Guides
Databricks

Connect to Databricks

With MOSTLY AI, you can connect to a Databricks SQL Warehouse and use it as a data source or destination for your synthetic data.

Prerequisites

To create a Databricks connector, you need to obtain your SQL Warehouse connection details, a Databricks catalog name, and a personal access token for Databricks. The linked sections below provide step-by-step guidance on how to complete the prerequisites.

Get connection details for your Databricks SQL Warehouse

  1. In Databricks, open the workspace that contains the SQL Warehouse you want to use.

    Databricks - Open workspace
  2. Open the sidebar and from the main menu, select SQL.

    Databricks - Sidebar Select SQL
  3. Open the sidebar menu again and select SQL Warehouses.

    Databricks - Sidebar Select SQL Warehouses
  4. From the list, open the SQL warehouse you want to use for synthetic data.

    Databricks - Open SQL Warehouses
  5. Select the Connection details tab.

    Databricks - SQL Warehouses Connection details
  6. Copy the necessary connection details (hostname, port, protocol, and HTTP path) for the MOSTLY AI Databricks connector.

    Databricks - Get connection details

Get Databricks catalog name

  1. From the Databricks sidebar menu, select Data.

    Databricks - Sidebar select Data
  2. Copy the name of the catalog you want to use in MOSTLY AI.

    Databricks - Copy catalog name

Create a Databricks personal access token

  1. In Databricks, open your account menu and select User Settings.

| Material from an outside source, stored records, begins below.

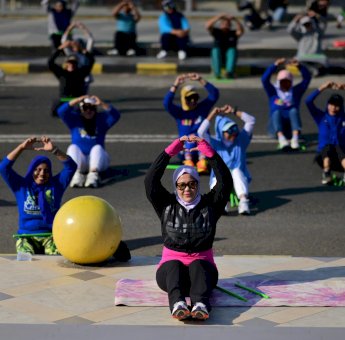 Fatmawati Pimpin Sesi Pound Fit di Soppeng, Ratusan Warga Antusias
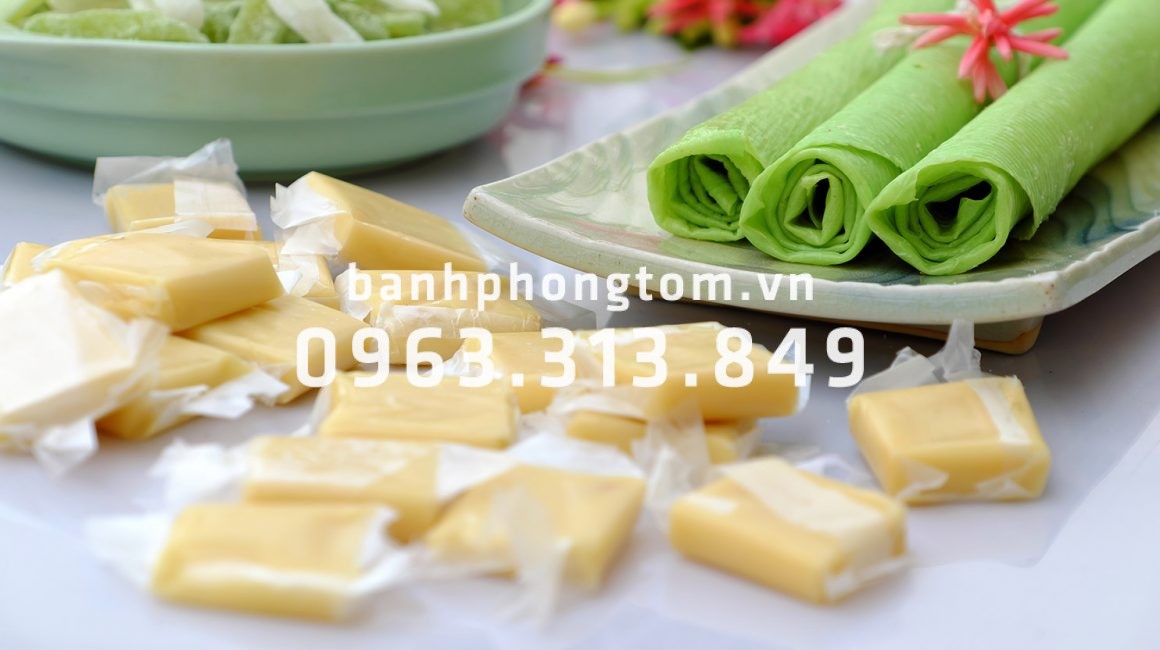 Bánh phồng sữa là một trong những món quà biếu thịnh hành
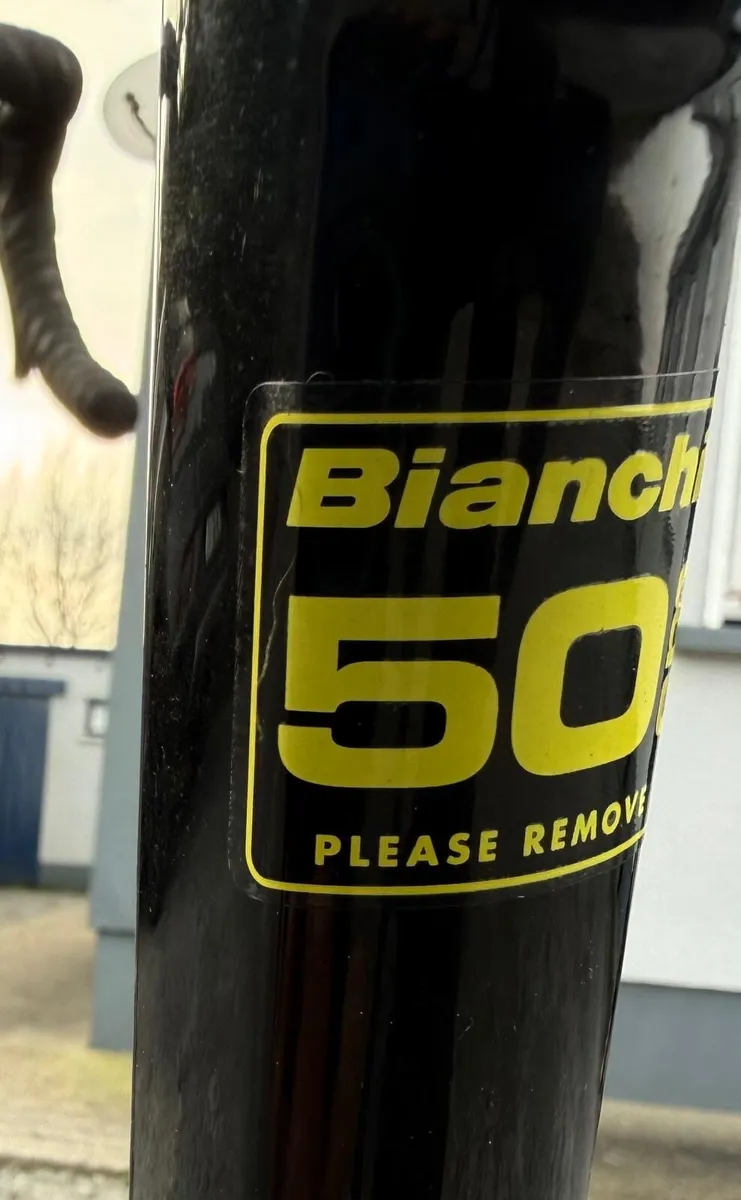 Bianchi Sprint Carbon Road Bike | 43cm | As New - Image 3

    Databricks account - User settings
  2. On the Access tokens tab, click Generate new token.

    Databricks account - Generate new token
  3. In the dialog window, enter a name that identifies where you intend to use the token.

    [NOTE] Adjust the expiration of the token in the Lifetime (days) box.

  4. Click Generate.

    Databricks account - Adjust token name and expiry
  5. Copy the access token and save it in a secure location.

    ⚠️

    Do not close the dialog window before you make sure you save the token in a location that you can access later.

    Databricks account - Copy token

Create a Databricks connector

  1. From the Connectors tab, click Create connector.

    Click Create connector button

    The Create connector drawer appears on the right.

  2. On the Connect to database tab, select Databricks.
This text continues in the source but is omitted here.